As we have seen, Bradley had argued that beauty cannot emerge from suffering by itself, and therefore concluded the world of King Lear is essentially good. However, with the introduction of the thesis of redemption, Bradley radically qualifies these previous two claims. He now admits that Shakespeare’s universe is full of suffering (and therefore devoid of “beauty”) and that the only thing capable of attaining goodness is the immaterial soul. While this might not constitute an outright contradiction, it is highly misleading.

This new idea of redemption asserts that all positive values—whether aesthetic or moral—must be “otherworldly” in some sense. Beauty and goodness have no earthly origin, but must instead derive their existence from some apparently transcendental source. A crucial aspect of this perspective is Bradley’s conviction that “moral perception arises out of suffering” (205). In light of his understanding of redemption, Bradley holds that the struggle to endure our earthly existence is the means whereby we see through its illusions.

Consequently, he sees the world as a sort of Purgatory where one is cleansed through suffering, ultimately earning one’s salvation through atonement. As the greatest proof of this, he asserts that the denouement of the play describes Lear’s final salvation. He states that the final scene where Lear is hunched over Cordelia’s lifeless body does not present us with despair and meaninglessness, but instead argues that the absurdity of his daughter’s death has finally liberated Lear, allowing him to see through the vanities of earthly existence.

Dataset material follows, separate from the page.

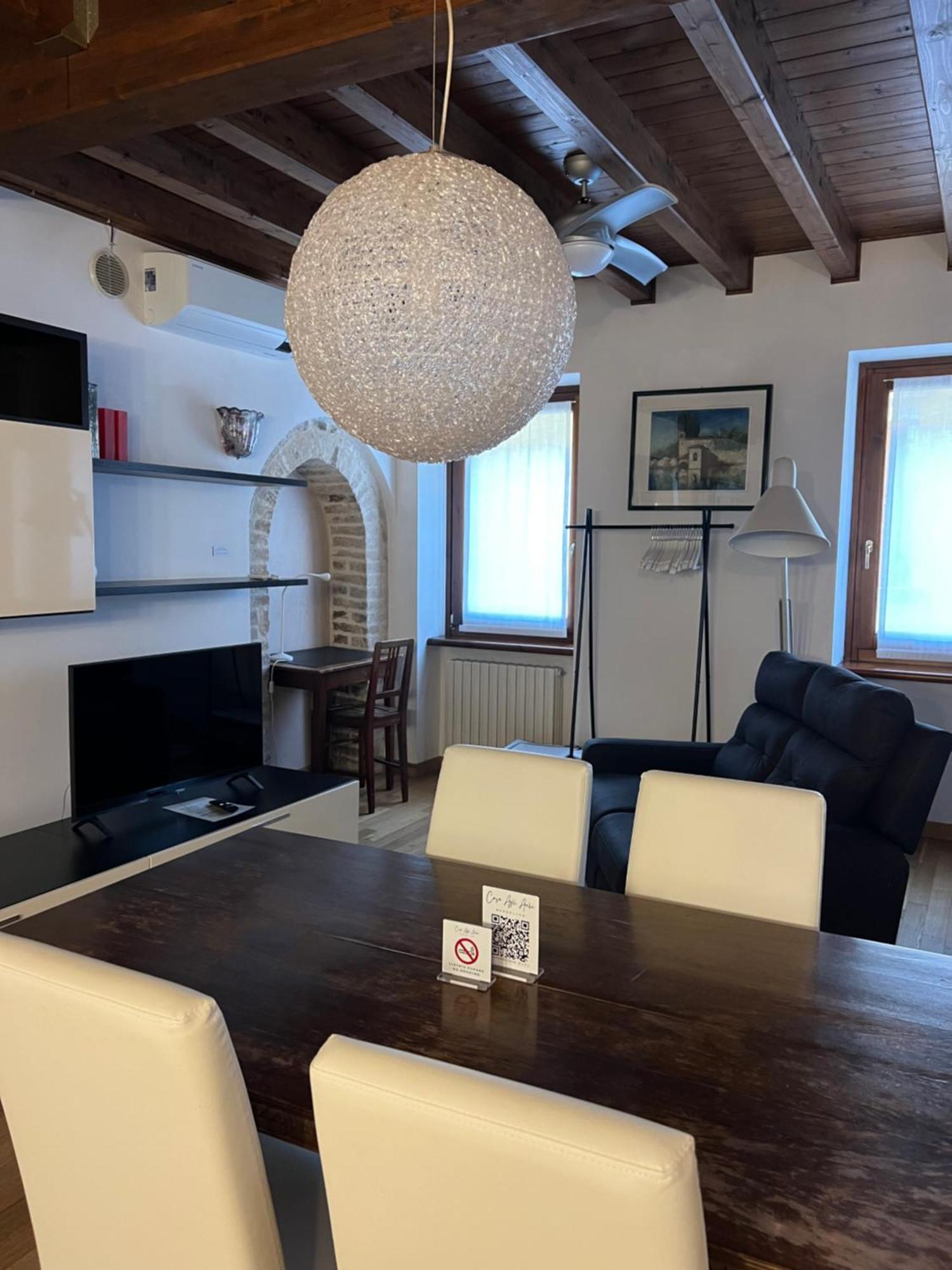 Casa Agli Archi Apartment Бардолино Екстериор снимка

His sight is “purged by scalding tears,” and he “sees at last how power and place and all things in the world are vanity except love” (205). This elegant sentiment is an admirable step above Bradley’s previous efforts, almost serving to vindicate his disingenuous combination of divergent concepts. His idea of redemption casts the significance of King Lear in new light, for he now offers us the hope that the recognition of the horror of existence is the means by which we can transcend it. Enticing as it is, however, Stampfer demonstrates that Bradley’s interpretation of the denouement of the play is not supported by the text.

In addition to his idea of an essentially benevolent universe, Bradley’s concept of redemption is essentially foreign to King Lear. Indeed, it takes a leap of faith to imagine that Lear’s final moments consist in some sort of ecstatic joy, sublime and anguished as it may be. It seems much more defensible to think, as Stampfer argues, that the final scene presents us with Lear’s relapse into madness and despair. Where Bradley imagines evidence of overcoming and transcendence, Stampfer sees only the last acts of a desperate and doomed man.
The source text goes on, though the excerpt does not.